## BRIEF
From the entries below, write out exactly the lines between the line holding "DEXSA Life Is" and the line holding "4 stk. Havdyr", inclusive, excluding any pictures.

## DATA FOR REVIEW

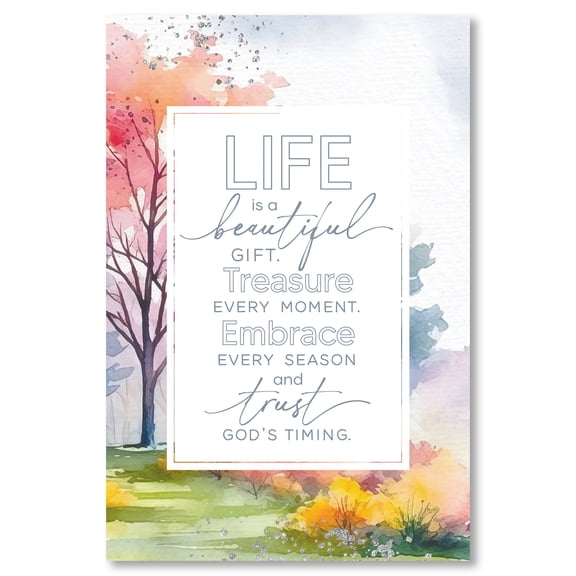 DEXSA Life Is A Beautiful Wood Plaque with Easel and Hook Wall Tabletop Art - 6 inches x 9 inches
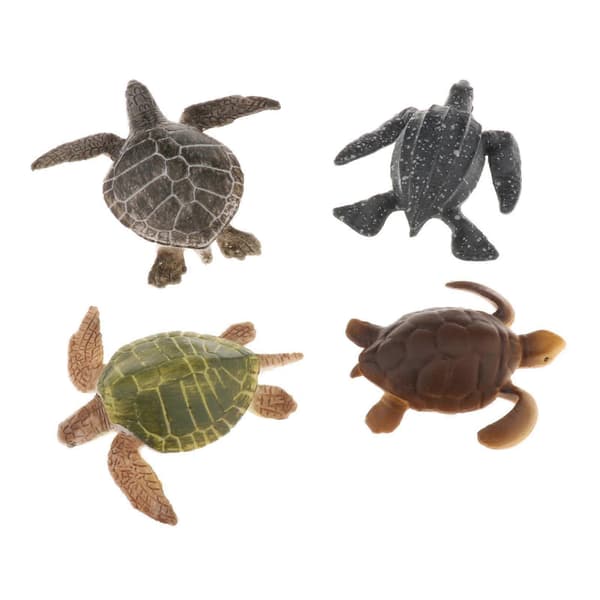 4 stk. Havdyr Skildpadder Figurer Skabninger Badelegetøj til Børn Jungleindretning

---

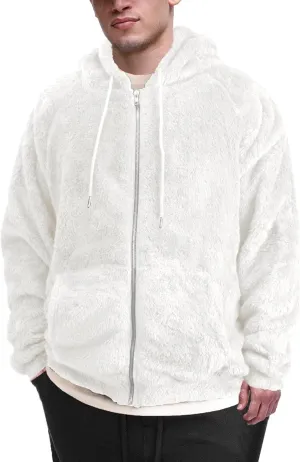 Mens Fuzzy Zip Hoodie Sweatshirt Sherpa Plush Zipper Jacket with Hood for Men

## WRITTEN ANSWER
 DEXSA Life Is A Beautiful Wood Plaque with Easel and Hook Wall Tabletop Art - 6 inches x 9 inches
 4 stk. Havdyr Skildpadder Figurer Skabninger Badelegetøj til Børn Jungleindretning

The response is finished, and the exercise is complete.